Strings/finite sequences are one way in which elements can be structured or organized. At the end of our last class, I mentioned the idea of “trees,” which is another way in which elements can be structured. We’ll talk about these in detail in later classes. But the intuitive idea is that here are some trees:

The elements that are structured by, or occupy/annotate/label positions in these example trees are strings. But as with sequences and other structures, the elements can be other types of things too (numbers, planets). Sometimes the trees have all of positions occupied, as in the leftmost example. Sometimes only their “leaf” positions are occupied, as in the two rightmost examples. (In computer applications, sometimes only the “inner” positions, occupied by the strings "a" and "b" in the leftmost tree, are occupied.)

Note that the middle example and the rightmost example are distinct trees, because they structure their elements differently.

I suggested at the end of class thinking about what conventions we might use if we wanted to encode these tree structures into a single string, in the way that we were talking about encoding sequences into a single string.

One way to encode the leftmost tree would be like this (with the string displayed on the next line):

((c b d) a e)

(That’s the same as "((c b d) a e)". When I display a literal string, I omit the surrounding quotes.)

We’ll be using an encoding like that later in the course, with "b" and "a" replaced by logical connectives like "∨", "&", or "⊃".

In Linguistics a different convention is used. They’d represent the middle tree like this:

[ [ c d ] e ]

And the rightmost tree like this:

[ c [ d e ] ]

If they’re working with trees like the leftmost one (as they often do), they’d represent it like this (notice the subscripted "a" and "b"):

[_a [_b c d ] e ]

Generally, they have labels for syntactic categories like “DP/NP” or “VP” or “S” in place of "a" and "b", and natural language words or phrases in place of "c", "d", and "e".

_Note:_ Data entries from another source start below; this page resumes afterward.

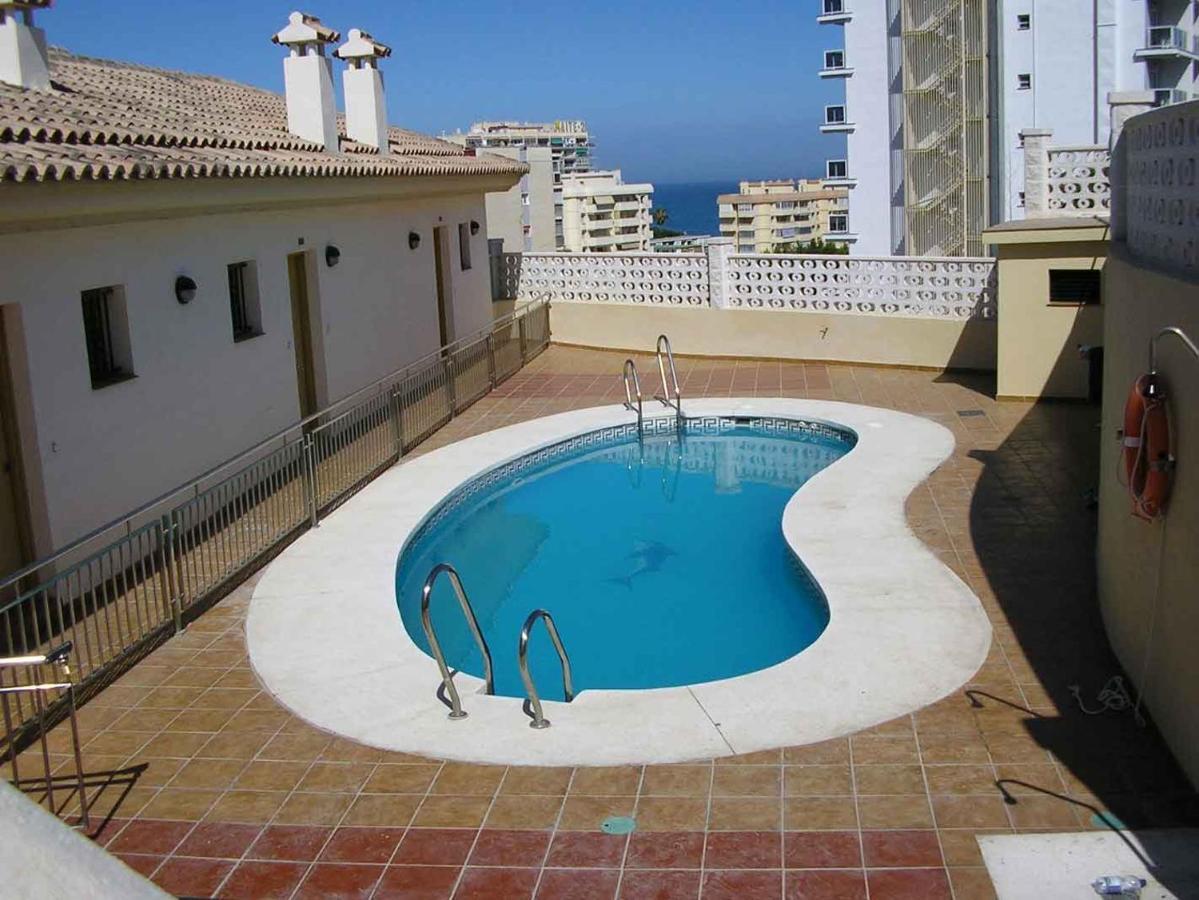 Apartamentos Benalmarina Malaga Exterior photo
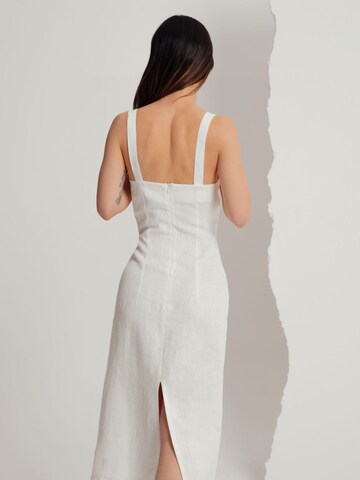 A LOT LESS - Vestido 'Heidi' en blanco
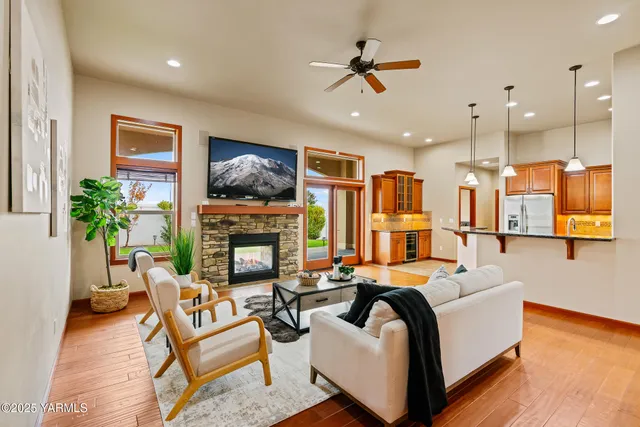 $749,999 | 2007 South 87th Avenue, Yakima, WA 98903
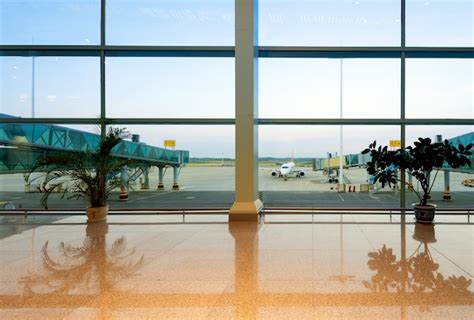 Aeroportos Com Grandes Janelas E Aeronaves Foto Premium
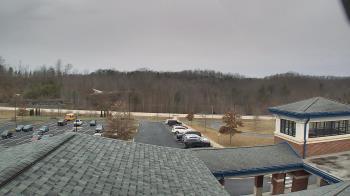 Weather camera view of Wrigley Elementary School.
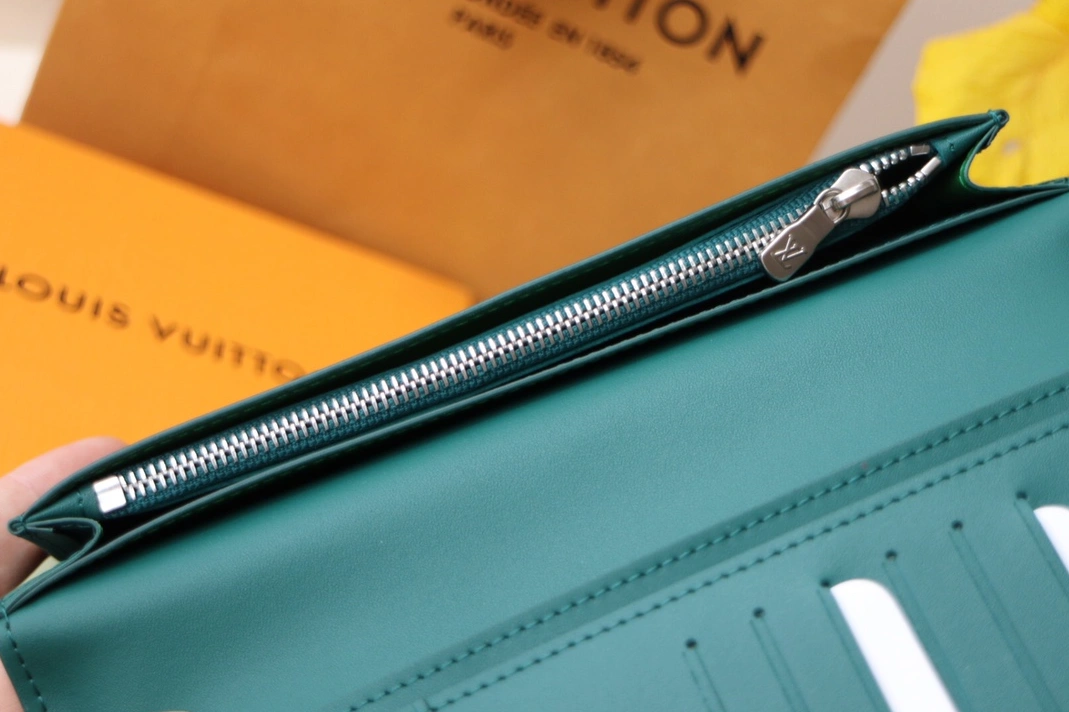 Louis Vuitton AAA Quality Card Case Fashionable 489 - Image 7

The language we’ve introduced for talking about strings doesn’t include formatting choices like subscripting, so we can’t encode trees in exactly that way. But if in some contexts we were always going to be working with trees like the leftmost one, we could just use:

[a [b c d ] e ]

and understand the first word after an opening [ as if it were subscripted in the linguist’s notation. Or if we were sometimes going to be working with trees like the leftmost one, and sometimes like the other two, we might take a special letter "*" which didn’t have any other role, and represent the middle tree like this:

[* [* c d] e ]

That doesn’t represent a tree like the leftmost one but where the "a" and "b" positions are occupied by the "*" letter; rather it represents a tree where those positions are unoccupied.

As I said, we’ll come back to talk about trees in more detail later. This is just to get a feel for how we might have conventions for various ways of using single strings to encode or represent structures of other strings.